Saturday, April 2, 2011

The Smell of the Grass in the Rain

And other things God thought about when creating the world

By Cynthia Edwards 
An essay in the book Creative Spirit Musings

One of the attributes that makes humans different from other species is our rich and complex response to the environment in which we live. The way we experience the world with our senses is sometimes so deep it calls out the poet in us and affects our soul to the point of elation, repentance, or even tears.

All sentient beings have instincts that cause them to startle at sudden noises, snuggle up to warmth, become alert in the presence of danger, or delight in a good scratch on the back. (I’m thinking of my dog here, but you can substitute your favorite pet or primate cousin and make the same equation.) Naturally, we have the same reactions as fellow mammals in the reception of everyday stimuli. Much of our response to the world is as primitive as any gopher’s and geared towards the preservation of life.

But the normal human being derives so much more out of his daily walk in God’s creation. We are privy to sensations and thought associations that no other creature has been demonstrated to experience.

Yes, our senses are connected to our instincts, but also to our minds, hearts, and spirits. For example, many people take to the wilderness for healing when sorrow or worry has gripped their soul. And basking in the sun has so many positive effects on the body and emotions that we tend to feel an expansive sense akin to worship when under its influence.

Our heartfelt response to the glories of the universe has been expressed in every art form throughout time. The beauty of creation has led more than one amateur to take up pen and paper to compose haiku in honor of the brilliance of a sunset or the mystery of a primeval forest. Even early humans exhibited a perceptive appreciation of their environment through their exquisite cave paintings of deer and buffalo and each other. Accomplished artists, musicians, and architects borrow constantly from the shapes, colors, sounds and evocative ethos of nature.

Amazingly, Saint Paul tells us that nature returns the favor and appreciates us back: “The creation waits in eager expectation for the sons of God to be revealed,” he wrote in Romans 8:19. Paul presents an unusual view of nature as a sentient entity, one that has been damaged by the fall of man, and knows it. In verse 22 he goes on to say, “We know that the whole creation has been groaning as in the pains of childbirth right up to the present time.”

One conclusion I draw from these observations is that God made man an integral part of the totality of creation. He did not drop us on Earth like little aliens who required space suits to be able to survive on this planet. He formed us for this environment – and He formed the environment for us. Not merely to live on an instinctual level as the other orders of creation do, but to respond to the Earth with our whole being – body and soul.

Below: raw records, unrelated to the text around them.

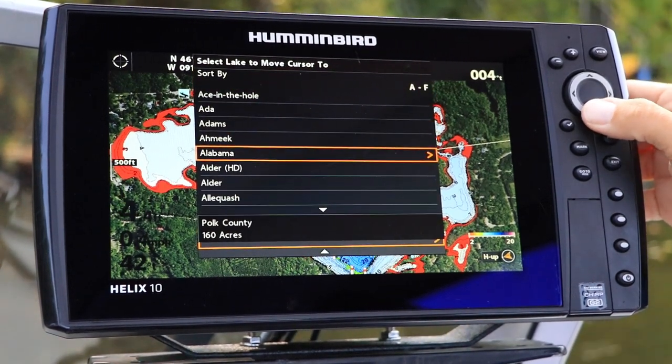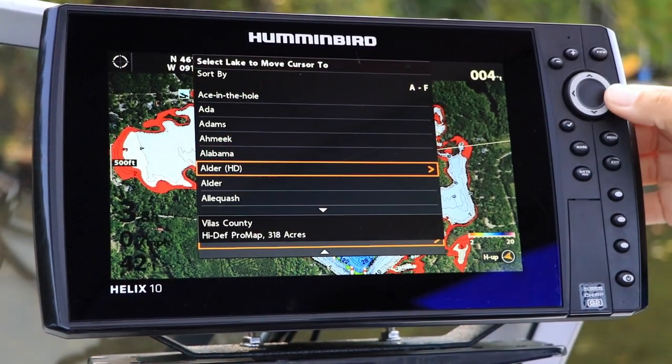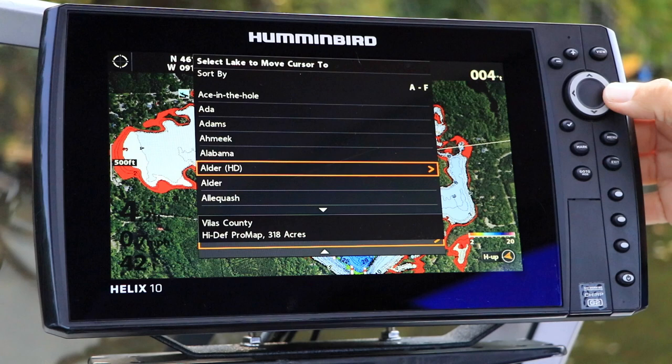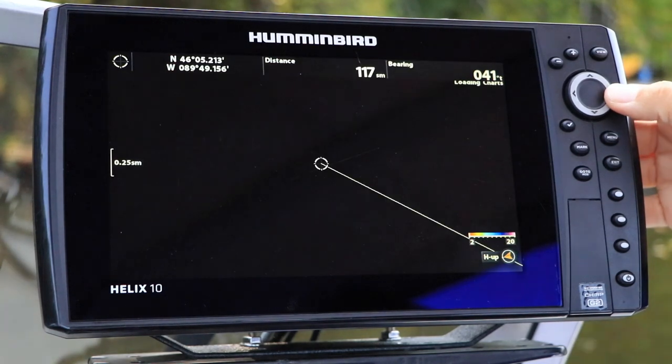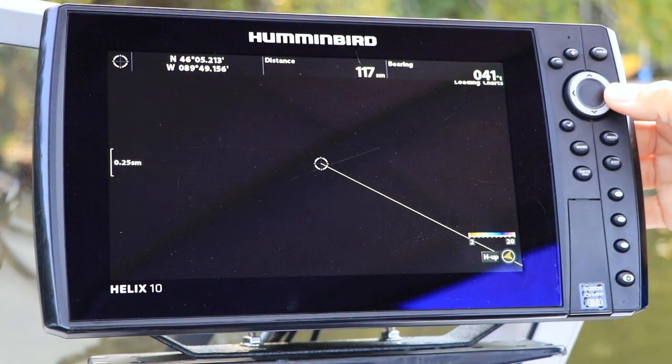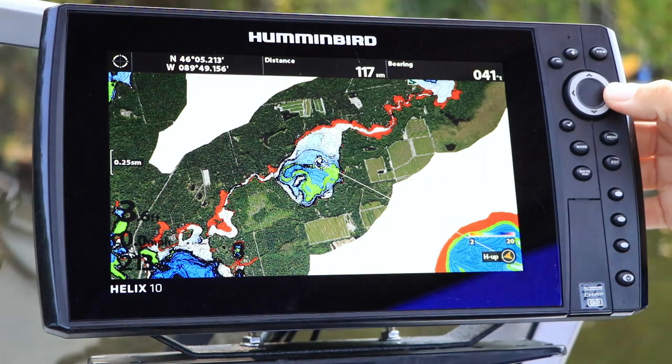Now, use the four-way arrow key to navigate the list of all the available lakes, and hop to the new lake with the right arrow key.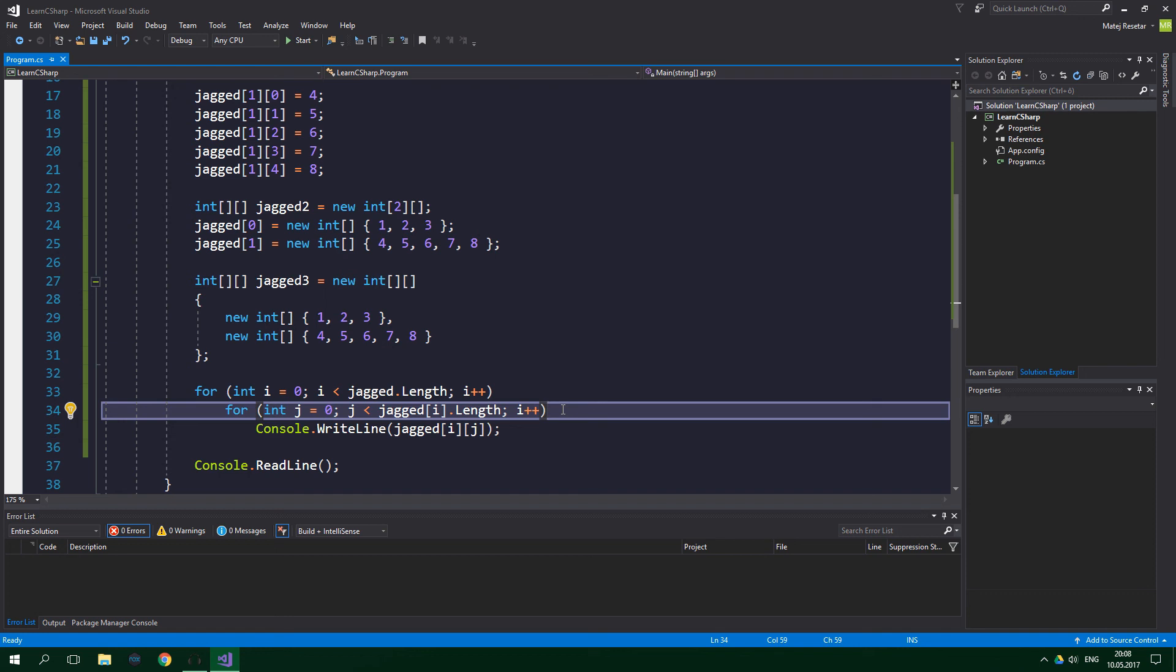To add my two cents here, I like jagged arrays much more because they are more versatile and their syntax is used even in other languages such as C++.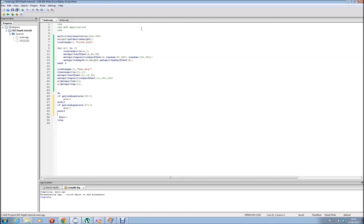You might be wondering why I never use inc and dec. I'm not entirely certain if it's fixed, but for quite some time inc and dec is strangely bugged in AGK and sometimes doesn't work. So I've just got into the habit of using x equals x plus 1 instead of inc and dec. But you can use inc and dec - it'll probably work in this particular example fine.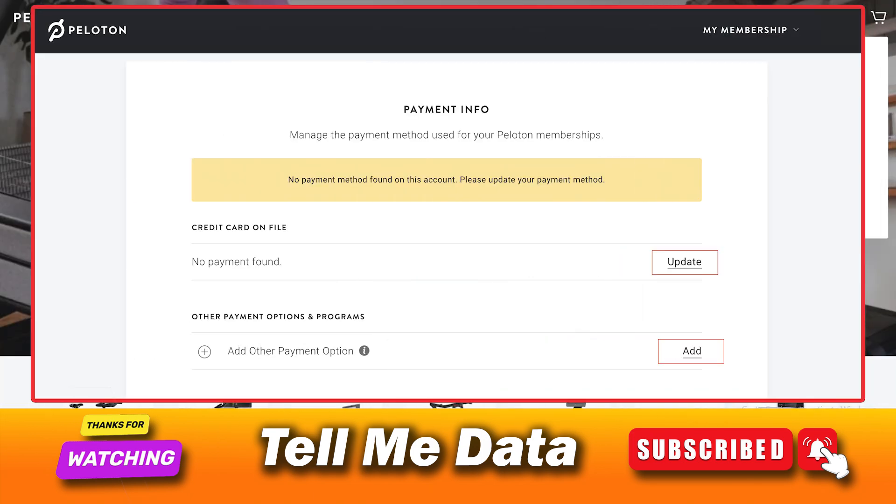To add a new form of payment or change your existing form, click on update or add. And you're done.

There must be a reason. God, who is ever loving and ever creative, thought about what His children would really like and created a environment to please us, soothe us, stimulate us, and give us joy, and He gave it to us in an abundance that is breathtaking. He filled our terrestrial home with awesome vistas, whether looking across the wide plains or peering at the universe that lies under the eye of an atomic force microscope. He gave us extraordinarily diverse environments, from burning deserts to languid wetlands, from cool deep oceans to starry skies, from mountain peaks that pierce the clouds to mines in the earth enriched with veins of noble metals and sparkling gems. He gave us an endlessly growing and changing array of flora, fauna and all the life forms that fall in between to fascinate our agile brains. He filled the good earth with fruits and grains and vegetables in riotous colors, the right size for satisfying human appetites, and with an infinite variety of luscious tastes and possibilities for combining them into unique meal creations of our own.

The next time it rains, don’t run to the TV to watch the weather news. Run to the window or even outdoors and experience the rain: enjoy the sound it makes when it strikes the roof, the cool, wet pricking feel of it on your skin, the humor of watching self-important little raindrops racing each other across a window pane. Lift your face to the blowing wind and hear how it calls to a wild place inside your soul. Sense the flowers and trees and grass stretching their roots deeper into the ground under the rain’s encouraging influence, and finally, breathe deeply and notice how fresh and rich and green the world smells in the rain.

And know that the reason for all these delicious sensations is that God made it so, just for you. Because He knew you’d like it.